While it’s not over, I think the trip’s been successful in meeting our goals and objectives—ticking the boxes for South America and Antarctica, as well as adding a few countries. Argentina’s been a pleasant surprise. I’m not sure that we’ll rush back (as we have other places to go), but I think we’d both be predisposed to returning. Ditto for the Falkands. Antarctica is more complex: part of me is predisposed to never returning (the Drake Passage, again? Bah!), but another (perhaps growing) part finds it a more compelling prospect now than ever (though likely on a ‘proper’ expedition). In any case, a return to Antarctica is off the list until after completing the current travel project.

As for Celebrity, though this review may seem critical (which by definition it must be), we’re generally not picky people. Overall, it’s been an okay experience—a sort of weak mix of Holland America and Royal Caribbean. I wouldn’t go out of my way or pay a premium relative to others to sail aboard the line again. But, I’m not going to swear them off either. Like every other cruise line, Celebrity has its positives and negatives—though it seems remarkably devoid of highs or lows across the board. As such, we don’t think X marks the spot for the top of the ‘near luxury’ or ‘premium’ cruise line market. In that segment, we enjoy HAL far more. And, based on this single cruise, I can’t say that I’d rather sail on Celebrity over either Royal Caribbean (its ‘mass market’ parent) or NCL (which, ironically, has been the source of my two favorite cruises, despite that line’s obvious limitations).

One Response to “Cruise Day #13 – At Sea”

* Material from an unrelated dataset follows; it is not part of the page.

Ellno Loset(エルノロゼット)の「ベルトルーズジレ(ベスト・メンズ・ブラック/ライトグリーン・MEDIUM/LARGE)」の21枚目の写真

  1. Denise Dickerhoof says:

    Paul & Libby – we met at Dick’s birthday/retirement party. I sat to the right of you, Libby, and am a fellow lover of travel. Have so enjoyed your posts on this trip! I’m sorry you didn’t get to see more of Antarctica, especially after enduring the Drake Passage! I’ve done that myself, and it is rough. Just wanted to let you know that if you ever decide to do a return trip, they now have trips that allow you to fly to the coast and start there, thus avoiding the passage. I plan to do that when I return with my husband (he has never been). Don’t ever want to see the Drake again if I can help it! Anyway – keep posting… I enjoy traveling vicariously through you!